Data Intelligence

Data intelligence serves as a valuable tool for users that enables automatic and intelligent analysis of datasets for classification tasks. Anomaly detection can be regarded as binary classification. This section describes the process of dataset analysis. Also, it lists the steps to refine and recollect data for better performance and drawing insights from the analysis results.

Importance of Data Intelligence

Users usually import the time series dataset based on their own knowledge. However, due to some limitations, a comprehensive analysis of the data yields unsatisfactory results. For instance, the sample frequency can be higher than the corresponding application needs. Alternatively, the amount of training data in each class can be uneven for a classification task. To address these challenges, the data intelligence tool helps assess the balance of the dataset and identify the significance of each data channel/axis. The tool not only flags unbalanced datasets but also suggests the redundant channels for omission. Furthermore, the tool helps determine the optimal sampling frequency and window size, which enables you to refine the datasets for improved quality and analysis outcomes.

Data Settings

The first step is to configure the mandatory parameters for the imported data.

Enter the following information:

Dataset Type: Segmented or Continuous.
Number of Channels: How many channels for each data point.
Number of Classes: How many classes to be analyzed.
Sampling Frequency Used: The sampling frequency of the data.
Minimum Frequency: The lowest settable frequency division coefficient.

Once the number of channels is set, users can assign individual aliases to each channel, which aids in distinguishing between channels and understanding the analysis report. For example, the following figure shows the settings for importing the segmented fan state classification dataset for analysis.

alt text

Next, click the + button beside each class to load files. The Delimiter, number of lines, and number of columns in the file are automatically recognized. Ensure that each file conforms to the settings specified: when the data is segmented, the number of columns must equal the window size multiplied by the number of channels. When the data is continuous, the number of columns must equal the number of channels. You can also modify the alias for each category to facilitate differentiation.

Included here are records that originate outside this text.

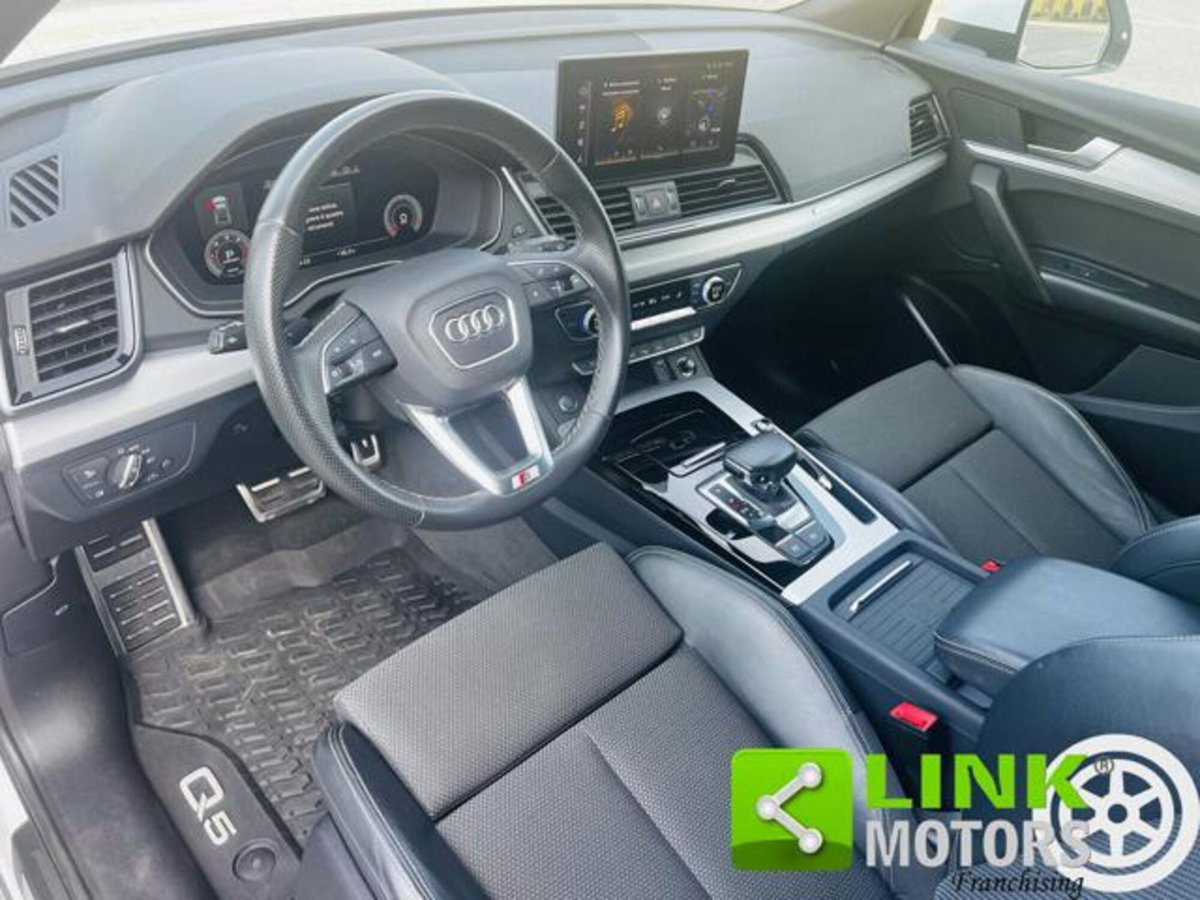 Audi Q5 40 2.0 tdi mhev 12V S line quattro s-tronic (2)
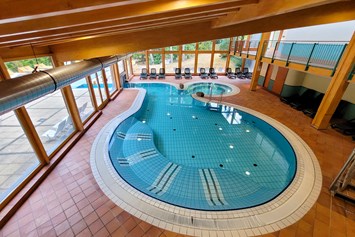 Wellnesshotel: Zweites Innenbecken, verbunden mit dem Außenbecken - Hotel Sonnenhügel Familotel Rhön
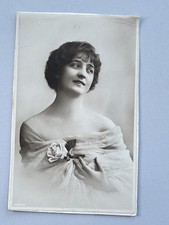 RAGAZZA PRIMI 900 VECCHIA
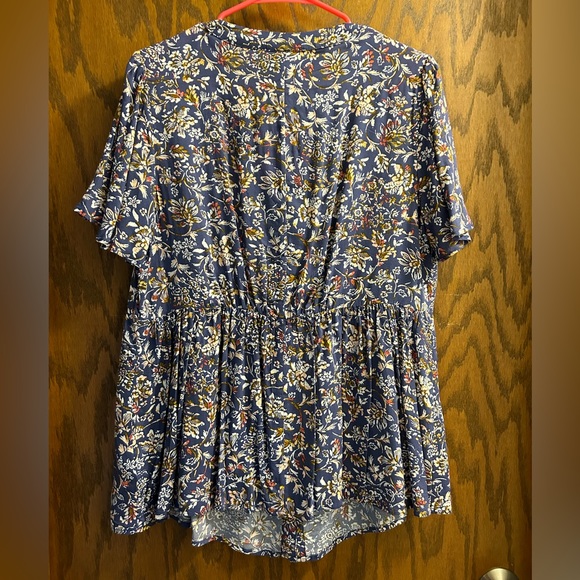 Isabel Maternity Floral Top - Picture 2 of 2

After completing these steps, click the START DATA ANALYSIS button and proceed with data analysis and generate a report.

alt text

Analysis Result

Once you initiate the analysis, the system processes the data for a few seconds and then display the results.

Here are the output items:

Data Balance

alt text

Rating the data with five stars indicates a perfectly balanced dataset, which is optimal for classification tasks.

Channel Correlation

alt text

Applicable only for channels >= 2.
Displays a confusion matrix table that illustrates the correlation values between different channels.
The higher the absolute value, the higher the correlation between channels. The value closer to zero indicates that the channels are independent from each other. The information can be used to identify and potentially remove redundant channels. Removing redundant channels helps optimize the dataset for the training step.

Channel Importance

alt text

Only applicable for segmented dataset.
Only applicable for channels >= 2.
Displays the importance scores for each channel in ranking bars, the higher the better.

Best Sampling Params

alt text

Sampling Frequency: Outputs a recommended division frequency of the original sampling frequency. This recommendation is designed to help remove potential high-frequency noise components from the data. By reducing the frequency in this manner, users can save resources and power while still maintaining the essential information.
Window Size: Outputs a recommended window size. It keeps unchanged for segmented data and is only valid for continuous data.
Sampling Duration The sampling time for a single segmented sample data.
Distinction Score: Applicable only for continuous data. Outputs the data differentiation score for continuous data under the optimal segmentation window size and sampling frequency.

Continuous Data

Here, we provide an example of a continuous dataset. This dataset represents three-axis acceleration measurements at different state of a fan:

The dataset consists of three channels, which are three acceleration axes.
Each data file represents a fan state.
The sampling frequency is 200 Hz. Each data file contains 720,001 lines. Each line has three channels.

alt text

Follow the steps above for data settings and load data for smart analysis. The analysis output shows:

alt text

Data balanced with five stars.

alt text

The correlation between channels is low, indicating that there are no redundant channels.

alt text

In the windows size and sampling frequency matrix, the combination of a frequency of fs/1 and a window size of 64 is the most recommended.

Users can import continuous data into Data Operation. Use generate samples and try the recommended sampling parameters to generate sample data sets for machine learning projects. If the recommended sampling frequency is not 1/1, the data is down sampled according to the division frequency and the recommended window size. For example, if you get 1/2 division frequency after smart analysis, then the dataset is down sampled and saved as below.

alt text

Finally, users can choose the quality and click the Save PDF button to save the analysis report PDF in the local system.

alt text

Conclusion

The data intelligence tool automatically generates reports on the quality of datasets and provides feedback to users without direct engineering support from NXP. The analyzed features include Data Balance, Channel Correlation, Channel Importance, and Best Sampling Params. These features empower users to make informed decisions regarding data recollection or reformatting, ensuring that their datasets are in an optimal state for subsequent processing.